Le 4 mars 1986, Anne-Marie Goguel, membre du groupe « Afrique du Sud » de la CSEI adresse une lettre au pasteur Michel Wagner, lui même président de la Commission sociale économique internationale. Elle lui informe de la nécessité de préparer avec méthode la journée de commémoration des émeutes de Soweto :

‘« Il nous semble qu’un premier objectif à court terme est de préparer les paroisses de la Fédération à la journée de jeûne, de prière, de don du 15 juin prochain. Pour cela il nous semble que vous (Commission économique et sociale) devriez adresser une lettre à toutes les paroisses en leur expliquant le pourquoi et le comment de la chose, et en allant au devant d’objections prévisibles, en montrant combien le « là-bas » dans le monde (lieux de conflits et de souffrances entre groupes différents qui ont à apprendre à vivre ensemble) et l’ici (notre société, notre vie de tous les jours) sont liés, et qu’il ne s’agit pas de nous ériger en censeurs moralisants de nos frères, mais au contraire de partager et leurs souffrances, et leurs espoirs et de nous placer en position de « receveurs » de toutes les richesses spirituelles que nous pouvons recevoir des chrétiens sud-africains […]. Une journée comme celle du 15 juin doit être convenablement préparée pour pouvoir en tirer tout le bénéfice intellectuel et spirituel qu’elle pourrait apporter1842 ».’
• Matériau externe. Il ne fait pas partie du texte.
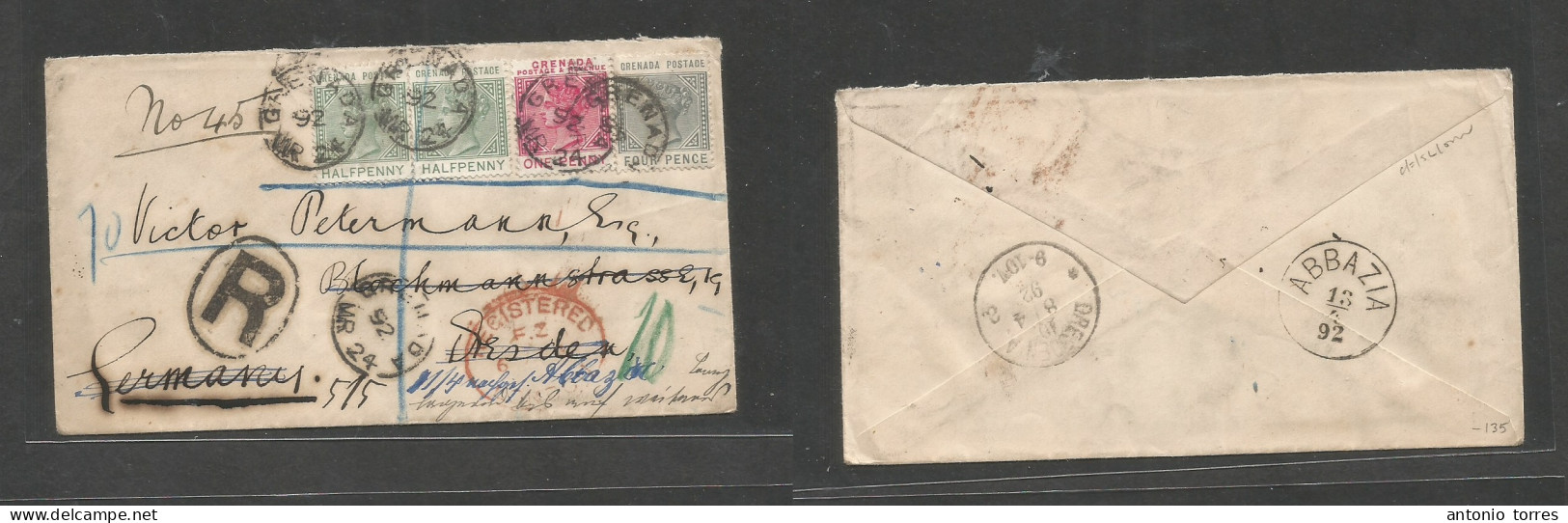Bc - Grenada. 1892 (24 March) GPO - Croatia, Abbazia, Via Germany, Dresden (8 April) Via London. Registered Multifkd QV - Other & Unclassified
En avril 1986, le bureau de la FPF élabore un court texte, texte informant les protestants français de l’appel du SACC et qui doit être lu en chaire dans les temples du pays :

‘« Les Eglises d’Afrique du Sud, membres ou associées du Conseil sud-africain des Eglises, nous demandent le secours de notre prière, de notre réflexion, de notre solidarité pratique pour les aider à tout faire pour que leur pays puisse sortir de l’impasse et « empêcher l’Afrique du Sud de se précipiter elle-même dans une totale destruction » (Beyers Naudé). En réponse à cet appel transmis par le COE, la Fédération Luthérienne Mondiale et l’Alliance Réformée Mondiale, ce dimanche 15 juin est, dans le monde entier, un jour d’intercession pour toutes les victimes, tous les acteurs du drame sud-africain et pour l’avènement dans cette terre déchirée d’une société juste et fraternelle. C’est aussi un jour de jeûne et d’offrande pour marquer notre solidarité avec ceux qui souffrent et qui luttent ; un jour de réflexion et de décision pour mettre notre vie plus courageusement au service de l’Evangile1843 ».’
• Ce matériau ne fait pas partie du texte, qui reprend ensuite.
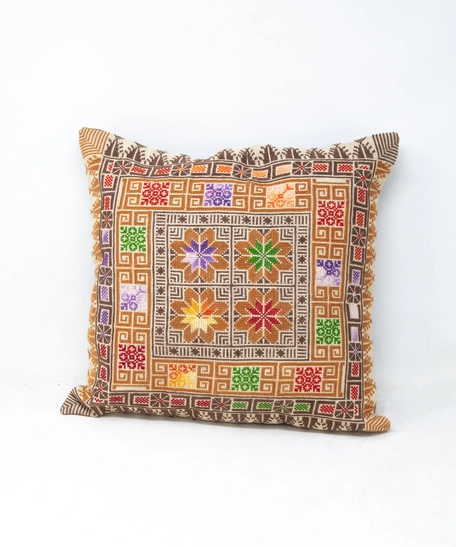 Embroidered Cushion Cover - Multicolor - Brown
Un autre texte émanant de la FPF et adressé aux Eglises membres rappelle en six points les objectifs d’une telle journée : il s’agit notamment de se préoccuper de l’instauration d’un ordre social plus juste. Au delà d’une attitude solidaire, le texte demande aux chrétiens français de prendre en compte la question du racisme de manière plus globale :

‘« Craignons enfin que notre engagement pour une société non raciste et démocratique en Afrique du Sud ne porte témoignage contre nous et ne nous place dans la situation du pharisien qui juge son frère sans s’examiner lui-même. Aussi devons-nous réfléchir sur notre propre façon de vivre avec ceux qui nous entourent et dont si souvent les différences qui nous séparent d’eux nous blessent et nous inquiètent1844 ».’

Si le texte n’est pas signé, il est permis de croire que c’est Anne-Marie Goguel qui en est une des rédactrices, puisqu’elle évoque ici, comme elle l’a souvent fait dans la presse réformée, le danger du pharisaïsme.

Le texte se clôt par un appel aux dons, ces derniers devant être versés à la Cimade ou au DEFAP.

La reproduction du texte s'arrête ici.